ABOUT THIS TASK
Please repeat the lines of the material below exactly, starting with the one that contains "this 458×300 image." and ending with the last.

THE DATA
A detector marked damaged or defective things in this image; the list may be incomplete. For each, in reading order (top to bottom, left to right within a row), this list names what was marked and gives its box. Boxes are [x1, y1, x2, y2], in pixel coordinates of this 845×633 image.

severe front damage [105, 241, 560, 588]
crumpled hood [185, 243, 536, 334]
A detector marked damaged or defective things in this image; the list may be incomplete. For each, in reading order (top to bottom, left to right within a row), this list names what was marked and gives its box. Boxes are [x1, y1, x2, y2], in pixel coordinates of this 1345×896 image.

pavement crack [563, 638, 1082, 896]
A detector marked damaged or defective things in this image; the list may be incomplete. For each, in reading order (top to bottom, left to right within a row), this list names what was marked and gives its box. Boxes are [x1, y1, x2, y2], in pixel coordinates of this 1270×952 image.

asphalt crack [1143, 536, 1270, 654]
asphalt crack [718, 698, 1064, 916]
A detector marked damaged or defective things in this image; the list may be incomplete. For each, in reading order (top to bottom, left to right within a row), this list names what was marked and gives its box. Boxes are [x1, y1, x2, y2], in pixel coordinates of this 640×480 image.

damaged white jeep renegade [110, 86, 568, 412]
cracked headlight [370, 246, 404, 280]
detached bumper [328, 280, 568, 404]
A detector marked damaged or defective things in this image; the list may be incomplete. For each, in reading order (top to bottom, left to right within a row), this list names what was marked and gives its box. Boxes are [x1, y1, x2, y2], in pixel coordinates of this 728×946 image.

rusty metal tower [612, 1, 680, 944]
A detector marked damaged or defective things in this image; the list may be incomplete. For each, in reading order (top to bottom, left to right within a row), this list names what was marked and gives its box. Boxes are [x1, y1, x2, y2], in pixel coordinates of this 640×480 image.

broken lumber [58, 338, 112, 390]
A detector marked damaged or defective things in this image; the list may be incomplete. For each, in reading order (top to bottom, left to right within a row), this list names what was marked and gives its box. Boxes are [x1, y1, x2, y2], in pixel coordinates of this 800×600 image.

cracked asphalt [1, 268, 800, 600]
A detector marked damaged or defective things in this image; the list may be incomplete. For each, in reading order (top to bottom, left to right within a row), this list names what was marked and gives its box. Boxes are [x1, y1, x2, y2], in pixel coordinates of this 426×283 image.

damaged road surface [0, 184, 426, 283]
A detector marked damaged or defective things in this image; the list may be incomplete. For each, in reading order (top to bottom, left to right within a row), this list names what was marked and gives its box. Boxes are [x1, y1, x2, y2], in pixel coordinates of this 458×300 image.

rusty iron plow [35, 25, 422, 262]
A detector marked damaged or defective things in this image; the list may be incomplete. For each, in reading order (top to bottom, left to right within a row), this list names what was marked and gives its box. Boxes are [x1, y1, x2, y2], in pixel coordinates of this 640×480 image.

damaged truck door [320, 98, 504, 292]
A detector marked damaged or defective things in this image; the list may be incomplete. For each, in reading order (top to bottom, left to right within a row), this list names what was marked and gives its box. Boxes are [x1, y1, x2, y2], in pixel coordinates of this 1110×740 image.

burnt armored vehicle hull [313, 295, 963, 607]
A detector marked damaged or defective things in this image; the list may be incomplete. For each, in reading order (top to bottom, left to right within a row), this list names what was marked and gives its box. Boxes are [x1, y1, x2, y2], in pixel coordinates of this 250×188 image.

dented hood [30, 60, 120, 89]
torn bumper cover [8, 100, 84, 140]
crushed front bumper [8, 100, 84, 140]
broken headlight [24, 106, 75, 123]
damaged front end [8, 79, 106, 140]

OUTPUT
A detector marked damaged or defective things in this image; the list may be incomplete. For each, in reading order (top to bottom, left to right within a row), this list names what was marked and gives its box. Boxes are [x1, y1, x2, y2], in pixel coordinates of this 458×300 image.

rusty iron plow [35, 25, 422, 262]
A detector marked damaged or defective things in this image; the list may be incomplete. For each, in reading order (top to bottom, left to right within a row), this list names what was marked and gives its box. Boxes are [x1, y1, x2, y2], in pixel coordinates of this 640×480 image.

damaged truck door [320, 98, 504, 292]
A detector marked damaged or defective things in this image; the list may be incomplete. For each, in reading order (top to bottom, left to right within a row), this list names what was marked and gives its box. Boxes are [x1, y1, x2, y2], in pixel coordinates of this 1110×740 image.

burnt armored vehicle hull [313, 295, 963, 607]
A detector marked damaged or defective things in this image; the list may be incomplete. For each, in reading order (top to bottom, left to right within a row), this list names what was marked and gives its box. Boxes are [x1, y1, x2, y2], in pixel coordinates of this 250×188 image.

dented hood [30, 60, 120, 89]
torn bumper cover [8, 100, 84, 140]
crushed front bumper [8, 100, 84, 140]
broken headlight [24, 106, 75, 123]
damaged front end [8, 79, 106, 140]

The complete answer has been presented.